# Metadata Workflows

> This feature requires the `quilt3` API version 3.3 or higher.

### Overview

A Quilt *workflow* is a quality gate that you set on a bucket to ensure the quality of your data and metadata *before* it becomes a Quilt package. You can create as many workflows as you like to accommodate all of your data creation patterns.

### Why metadata quality matters

Under the hood, Quilt workflows use [JSON Schema](https://json-schema.org) to check that package metadata have the right *shape*. Metadata shape determines which keys are defined, their values, and the types of the values.

Ensuring the quality of your data has long-lasting implications:

1. *Consistency* — if labels and other metadata don't use a consistent, controlled vocabulary, reuse becomes difficult and trust in data declines
2. *Completeness* — if your workflows do not require users to include files, documentation, labels, etc. then your data is on its way towards becoming mystery data and ultimately junk data that no one can use
3. *Context* — data can only be reused if users know where it came from, what it means, who touched it, and what the related datasets are

From the standpoint of querying engines like Amazon Athena, metadata that lacks consistency and completeness is extremely difficult to query longitudinally and depreciates over time (as team members change, platforms change, and tribal knowledge is lost).

### Use cases

* Ensure that labels are correct and drawn from a controlled vocabulary (e.g. ensure that the only labels in a package of images are either "bird" or "not bird"; avoid data entry errors like "birb")
* Ensure that users provide a `README.md` for every new package
* Ensure that included files are non-empty
* Ensure that every new package (or dataset) has enough labels so that it can be reused (e.g.
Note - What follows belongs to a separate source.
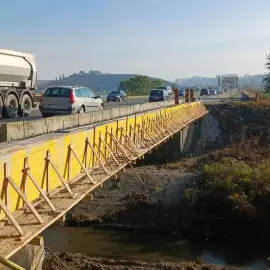 Foto Trafic rutier dat peste cap, la intrarea în Slatina dinspre Craiova. Se lucrează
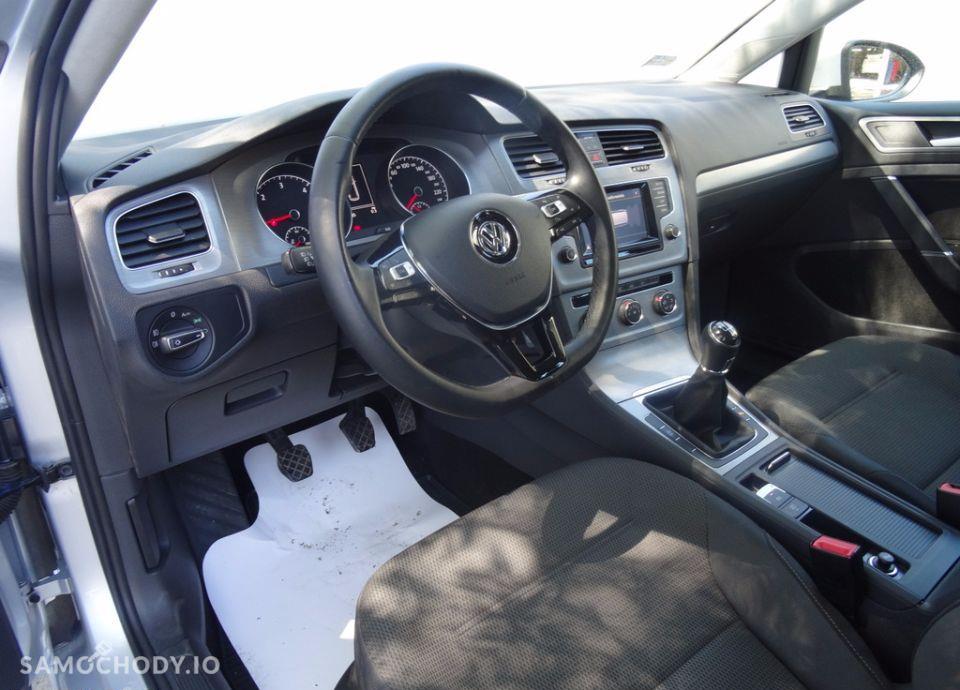 Volkswagen Golf 1.6 TDI BMT Comfortline 29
Date, Creator, Type, etc.)

### Get started

To get started, create a configuration file in your Quilt S3 bucket at `s3://BUCKET-NAME/.quilt/workflows/config.yml`.

Here's a complex example:

```yaml
version:
  base: "1"
  catalog: "1"
workflows:
  alpha:
    name: Search for aliens
    is_message_required: true
  beta:
    name: Studying superpowers
    metadata_schema: superheroes
  gamma:
    name: Nothing special
    description: TOP SECRET
    is_message_required: true
    metadata_schema: top-secret
    handle_pattern: ^(employee1|employee2)/(staging|production)$
    entries_schema: must-have-foo-bar-meta
    catalog:
      package_handle:
        files: <%= username %>/<%= directory %>
        packages: <%= username %>/production
schemas:
  superheroes:
    url: s3://quilt-dev-metadata/schemas/superheroes.schema.json
  top-secret:
    url: s3://quilt-dev-metadata/schemas/top-secret.schema.json
  must-have-foo-bar-meta:
    url: s3://quilt-dev-metadata/schemas/must-have-foo-bar-meta.schema.json
```

#### Setting a default workflow

Once a configuration file is present, you usually **must** specify a workflow when pushing a package from `quilt3` to that bucket. You can however specify a `default_workflow` value at the top-level in your `config.yml` file:

```yaml
version:
  base: "1"
  catalog: "1"
default_workflow: "experiment"
is_workflow_required: False
workflows:
  experiment:
    name: Experiment
    metadata_schema: experiment-universal
schemas:
  experiment-universal:
    url: s3://quilt-dev-metadata/.quilt/workflows/schemas/experiment-universal.json
```

This specifies which workflow will be used (`experiment`) if a `workflow` parameter in the `Package.push()` API call or CLI is not provided. Otherwise, all `push` calls must specify a workflow or the push will fail.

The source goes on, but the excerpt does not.